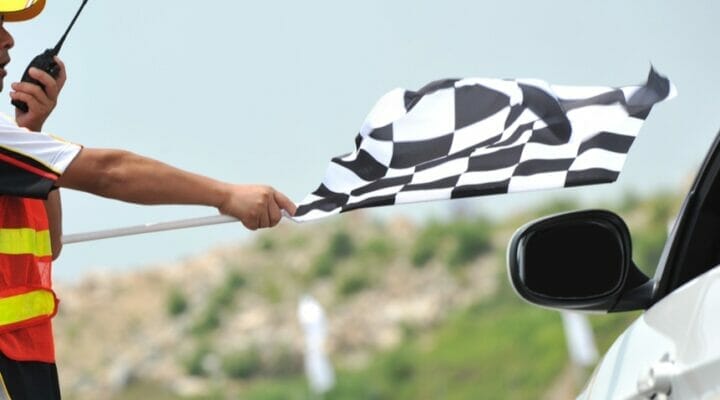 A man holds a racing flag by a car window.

---

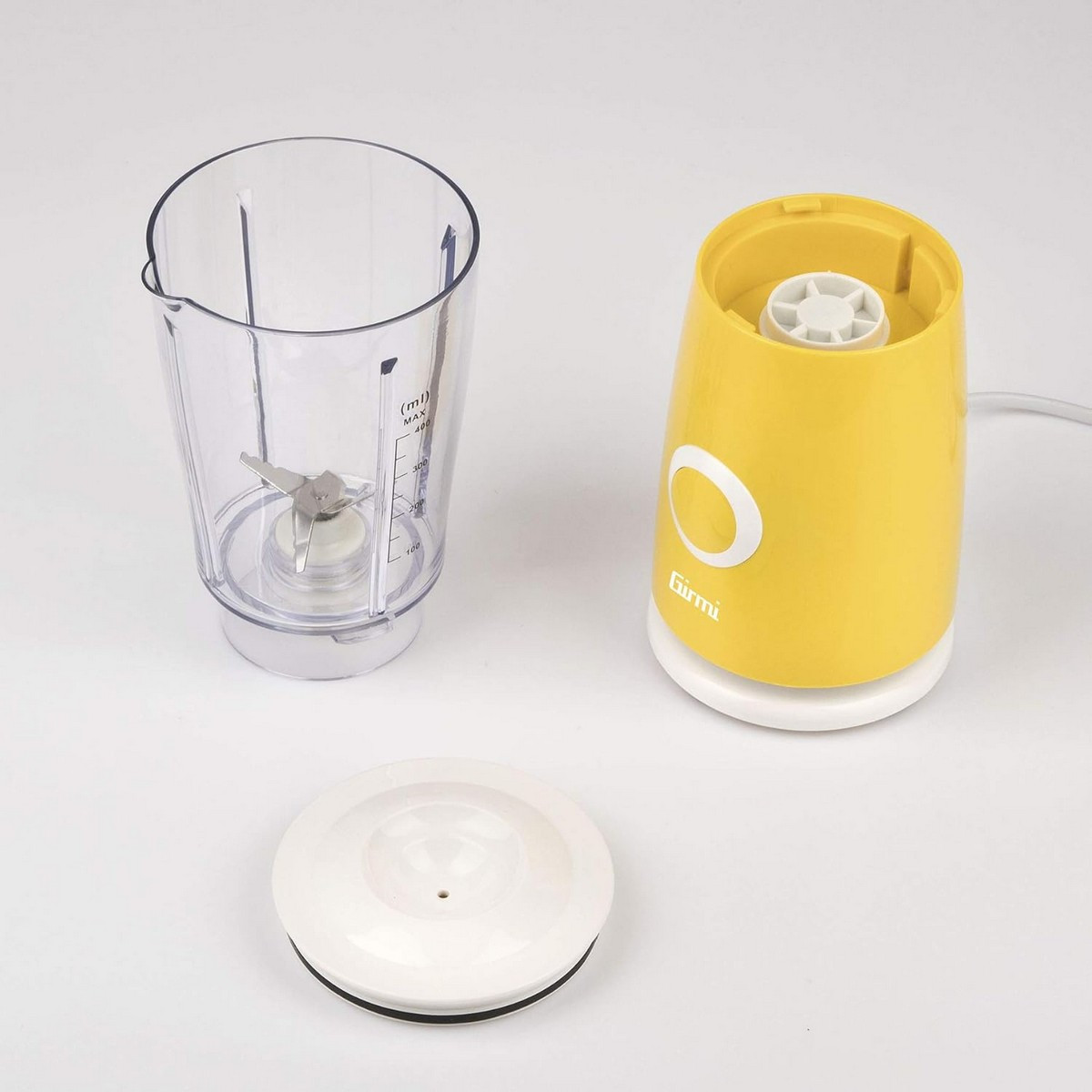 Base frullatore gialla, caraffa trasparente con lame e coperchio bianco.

--

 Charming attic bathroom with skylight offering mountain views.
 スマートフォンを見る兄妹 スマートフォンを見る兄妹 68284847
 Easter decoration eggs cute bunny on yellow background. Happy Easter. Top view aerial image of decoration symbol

Exercise brief → Lines wanted from the listing above: the line with "スマートフォンを見る兄妹 スマートフォンを見る兄妹 68284847" up to and including the line with "Easter decoration eggs". Please write them out exactly, adding nothing else.

Answer section →
 スマートフォンを見る兄妹 スマートフォンを見る兄妹 68284847
 Easter decoration eggs cute bunny on yellow background. Happy Easter. Top view aerial image of decoration symbol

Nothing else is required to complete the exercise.